By Tony Wittkowski | City Reporter | The Times Herald
For 20 minutes every Thursday, Dawn Schweihofer runs with two dozen Cleveland Elementary students as part of an after-school running club.
As a fifth grade science and social studies teacher, Schweihofer makes sure these students run one mile, read one book and do one good deed once a week.
However, the real difference came when Schweihofer took part in the Jingle Bell Run on Dec. 6, 2014, in Port Huron with Amy Meeker-Taylor and Christine Shigley.
Schweihofer noticed two of her students were running in jeans because their families couldn’t buy buy jogging clothes.
“Both students were in my class, and they were wearing the exact same clothes they wore in class,” Schweihofer said. “Another girl in class wears the same shoes she’s had since third grade.”
The three have created the Starting Line Youth Running Fund to help children who want to run but cannot afford shoes, apparel or entry fees for local races.
“We wanted to find a way to move past those barriers that are holding them back,” Schweihofer said. “There are a lot of fees, so many don’t even enter.”
The fund’s main focus will be to work with elementary running clubs and their advisers, Shigley said.
“We’ll be there, whether it’s buying and donating apparel or making sure the running clubs have water and snacks,” Shigley said. “The bulk of what we are going to do is partner up with other racers and have them donate extra money to our fund and sponsor entries for kids.”
Most of the donations will help pay entry fees for local races. Schweihofer said most races require $20 to $25 to register a runner.
Schweihofer said the fund eventually will offer scholarships to pay for half of the students’ entry fees.
“We are hoping to maybe even cover all of it,” she said. “We will start locally with the highest need in the Port Huron Area School District.”
The fund was created Jan. 6, with the funds handled by the Community Foundation of St. Clair County.
Lynn Alexander, community foundation vice president, said the three organizers came to the organization in early December.
When the founders discovered how much paperwork and money went into creating their own charity, they realized they could do the same thing by creating a fund with the community foundation.
“It’s something that is common. It’s easier to go through us,” Alexander said. “From my perspective, I like it when individuals in the community work with us to fulfill a need.”
The two parties established a fund agreement that spelled out what the donations would be used for and allowed the foundation to process a grant on behalf of the running fund organizers.
Shigley said organizers have two events planned to help raise money for the fund.
On Feb. 12, Fuel Woodfire Grill at 213 Huron Ave., Port Huron,will have a dinner night with 10 percent of sales donated back to the fund.

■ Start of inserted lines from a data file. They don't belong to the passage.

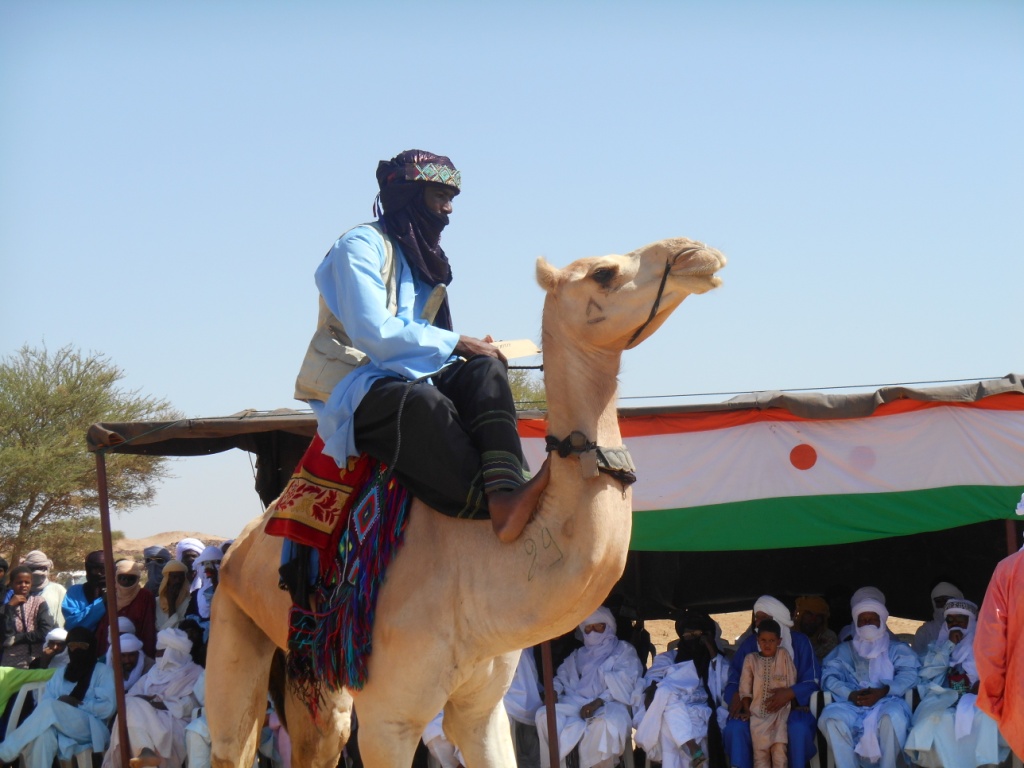 Séminaire webinaire du Camel Polo Africain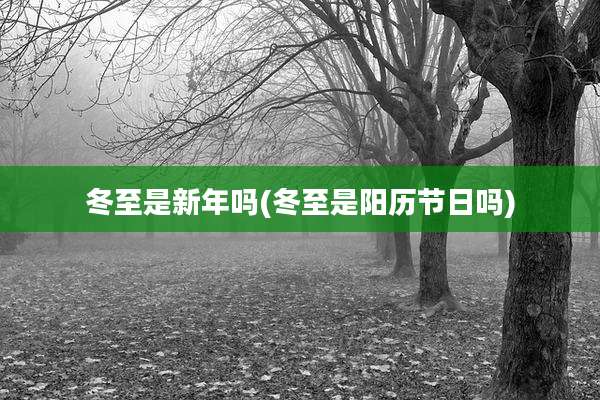 冬至是新年吗(冬至是阳历节日吗)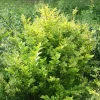 Golden Ticket Privet Live Plant – 4 inch Pot – Non-Invasive Shrub - Image 1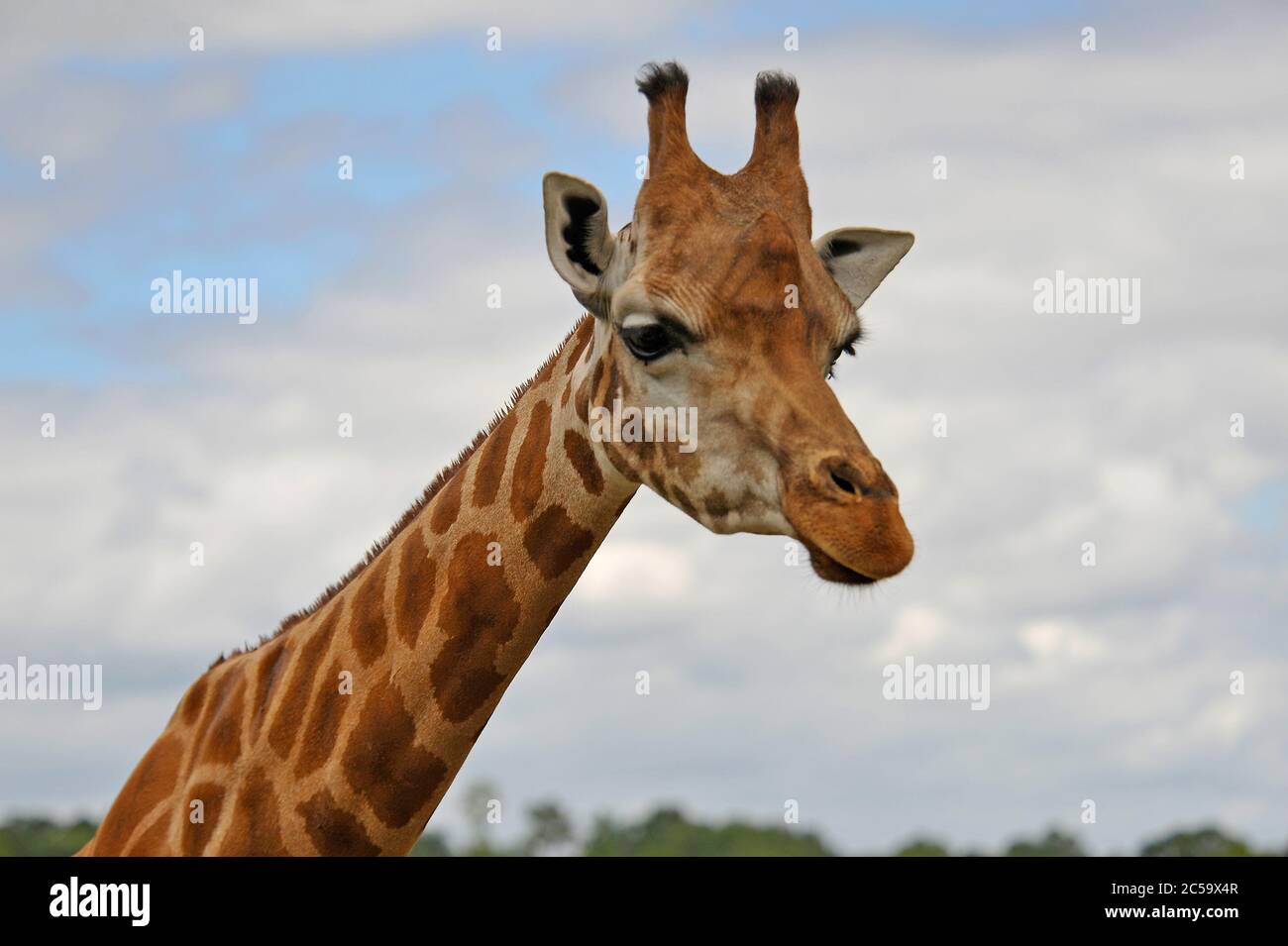 Giraffe at nature park Mervent France Stock Photo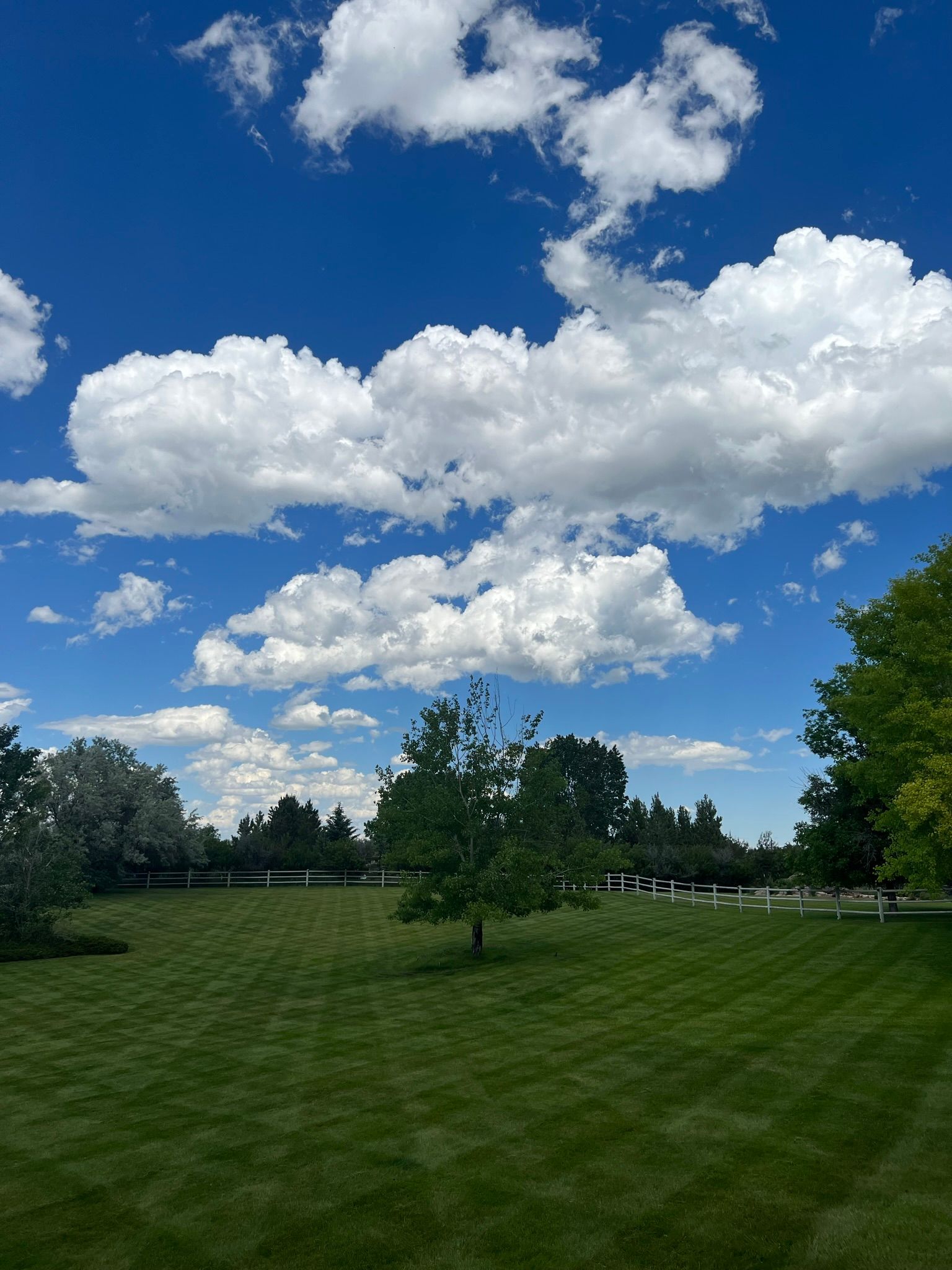 Lush green lawn under a bright blue sky dotted with puffy white clouds; trees line the edge of the yard.
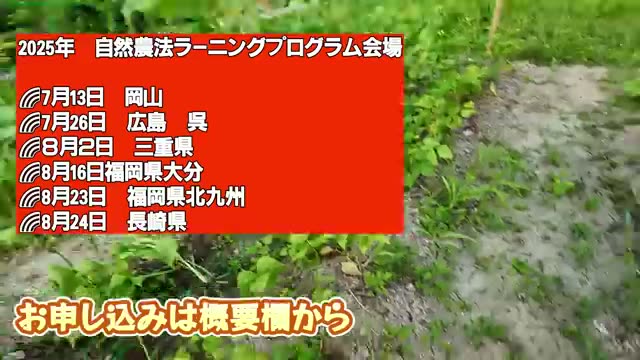 2. ガチガチの粘土質でも育つ土の力と、あえて「草を生やす」再生術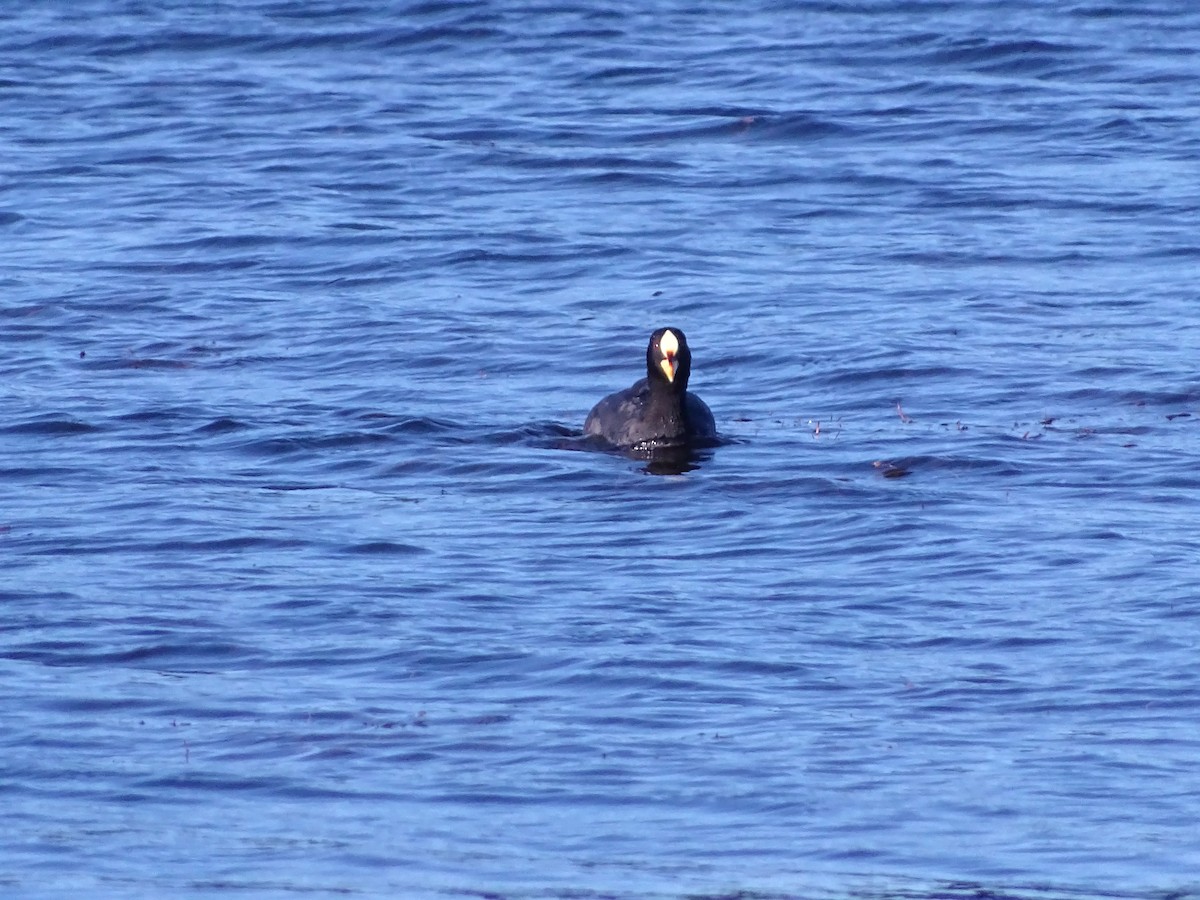 Red-gartered Coot - ML523733691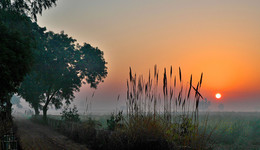 Утро в индийской деревне / Снимал утром в Индии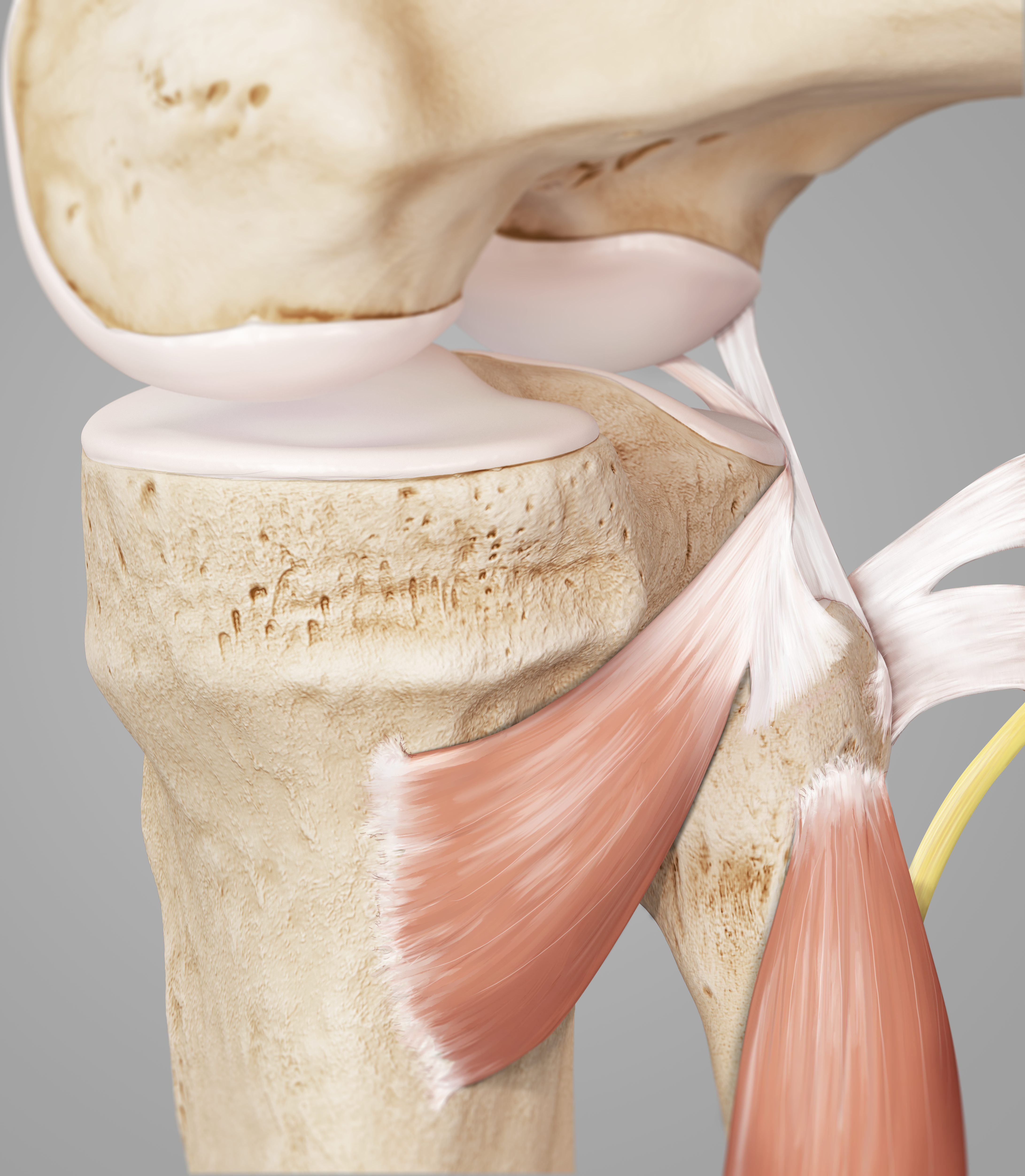dam-media/ill2-000432-en-us_b_postero-lateral-corner-anatomy_02-merged_psd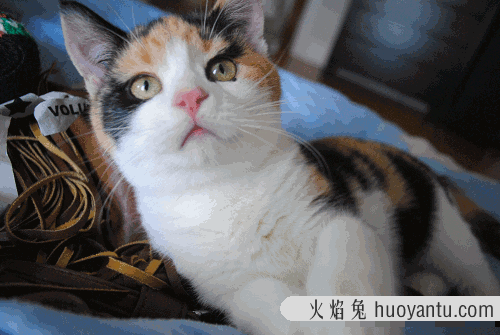 猫咪咬人怎么办(猫咪咬人怎么办怎么教育)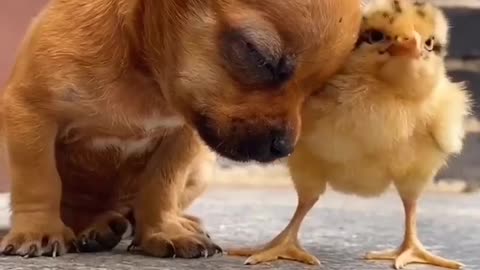 Cute puppy and Bird love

The other is a “Girl’s Night Out” wine tasting event at Green Barn Winery in Smiths Creek from 6-8 p.m. Feb. 28. Money that comes in from the pre-ordered $40 tickets also will go back into the fund.
The fund had raised $2,080 as of Tuesday, Shigley said.
People can donate online at startinglineyouthrunningfund.weebly.com or through the community foundation.
Schweihofer said she and her colleagues are trying not to bite off more than they can chew in the early stages.
“I know that we want to be able to reach well beyond the Blue Water Area,” Schweihofer said. “We hope it can become a statewide thing, but we want to promote this area for now.”
The fund’s first effort will take place in conjunction with Marysville High School’s Pi Day 5K on March 14 — a 1.57-mile run coordinated by Shigley. Running club students who participate in the fun run won’t pay their entry fee and will be sponsored by donations collected by the running fund.
“We are going to take those donations and use them to sponsor entries into the 1.57-mile fun run for running club students from Cleveland Elementary and Woodrow Wilson Elementary,” Shigley said. “Depending on how much money we receive in donations, we’d like to be able to offer entries to other clubs in the area.”
The running club at Cleveland Elementary will be one of the first to benefit from the fund. Cleveland has the only Port Huron-based running club that begins running in January, Schweihofer said.
With snow on the ground, students ran four laps around the school’s perimeter to accumulate their weekly mile.
“It just means the entire running community has embraced these kids and realized there is more to them than just a statistic,” Schweihofer said. “They invest in more than what they are doing in that moment. It means they want to be part of their future success.”